Audit exposes Postal Service’s overtime racket as Democrats seek bailout
Extra pay grew by billions, even as mail delivery slowed. More than 4,000 workers earned more in OT than base pay.
The U.S. Postal Service has racked up billions of dollars in excessive overtime from its workers over the last several years, even as its employee numbers have gone up and its mail delivery has declined, according to a new audit likely to raise questions about congressional Democrats' demands for a bailout.
Overtime pay has become so predominant at America's premier mail delivery service that more than 4,000 postal workers last year actually earned more in OT pay than their base pay, a 429% increase in highly compensated overtime earners since 2014, the agency's internal watchdog reported this week.
The situation exists in part because postal employees are allowed to determine their own overtime hours without needing prior management approval, and management does not always keep accurate payroll records, the audit report concluded.
"The Postal Service needs to strengthen controls over managing overtime to successfully contain these costs," the Postal Service inspector general warned Wednesday.
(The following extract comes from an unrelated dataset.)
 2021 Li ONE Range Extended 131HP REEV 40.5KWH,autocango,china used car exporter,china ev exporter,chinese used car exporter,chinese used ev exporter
Between 2014 and 2019, "overtime costs and hours have trended upward and consistently exceeded their planned overtime budgets. Although package volume grew, these costs increased despite declining mail volume and increased employee levels."
The audit paints a picture of a postal service that is highly dysfunctional: Managers don't keep good records, staffing levels aren't maintained at authorized levels, and workers decide for themselves when they can charge overtime,
"Employees must be paid for all overtime work they perform, even if that time was not authorized. Unauthorized overtime occurs when an employee's clock time exceeds eight hours in a day or 40 hours in a week without prior authorization from a manager,” the report noted.
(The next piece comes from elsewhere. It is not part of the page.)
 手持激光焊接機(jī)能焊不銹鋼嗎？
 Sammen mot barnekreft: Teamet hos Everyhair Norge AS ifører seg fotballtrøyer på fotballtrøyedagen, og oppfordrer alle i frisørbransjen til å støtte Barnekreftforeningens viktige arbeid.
The audit revealed just how costly this OT tab has become: The annual bill for overtime charged by postal employees grew 35% from $3.7 billion in 2014 to $5 billion last year. Over the course of those five years, workers charged for an average of more than 100 million OT hours per year, the report said. Overtime, according to the IG, now accounts for between 13% and 16% of USPS' total costs.
Determining whether such overtime was warranted is made harder because "management did not have complete, accurate, and reliable payroll workhours data for FY 2019," the report noted. But based on the inspector general's analysis, as much as a half billion dollars a year in overtime was avoidable.
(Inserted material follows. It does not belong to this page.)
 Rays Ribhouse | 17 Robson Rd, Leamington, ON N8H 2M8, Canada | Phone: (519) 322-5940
"We estimated the Postal Service incurred about $521.6 million in questioned costs" in 2019 alone, according to the report.
Investigators flagged the massive growth in postal workers who earned 2x and 3x through overtime pay, citing some specific examples ranging from postmen to mechanics whose inflated paychecks raised questions about whether employees could really have worked as many hours as they charged.
"A mail handler in the Northeast Area earned $141,153 in total overtime pay by working 3,329 regular overtime hours, which resulted in $205,018 in total pay" the report noted. "This was equivalent to more than three times the amount of this employee's base salary. For perspective, this amount of overtime would have required this employee to work an average of 17-hour days, consisting of eight regular workhours and about nine overtime hours every day for 365 days a year,.
Despite such remarkable findings, the Postal Service said it is not sure whether it should try to work to reduce massively rising overtime.
"Increasing complement with the intent of reducing overtime may not be the best long term solution," the service said in response to the IG report. "The appropriate use of overtime continues to give management the greatest latitude to utilize its resources at the least possible cost while controlling future salaries and benefits of new employees."
In other words, the Postal Service is signaling the OT racket will continue.
All this comes as Congress fights over a Democratic effort to have taxpayers provide as much as $25 billion in bailout money to the postal service. Such legislation passed the Democrat-led House this week, but it is unlikely to proceed in the GOP Senate.
Speaker Nancy Pelosi claims the money is needed to ensure mail-in ballots can be delivered on time in the fall. "It is all designed to suppress the vote," Pelosi said about recent efforts by Trump-appointed Postmaster General Louis DeJoy to cut costs.
DeJoy and his GOP defenders claim the Democratic bailout arguments are nothing more than "myth."
"Like the Russia hoax and impeachment sham, the Democrats have manufactured another scandal for political purposes," Rep. James Comer (R-Ky.) said last week.
Rep. Thomas Massie (R-Ky.) said he fears the Democratic bailout money is really to help augment union worker pension funds.
"They don't know what they would do with the $25 billion that was in the bill that was passed Saturday … but I suspect they would bail out the pensions," he said.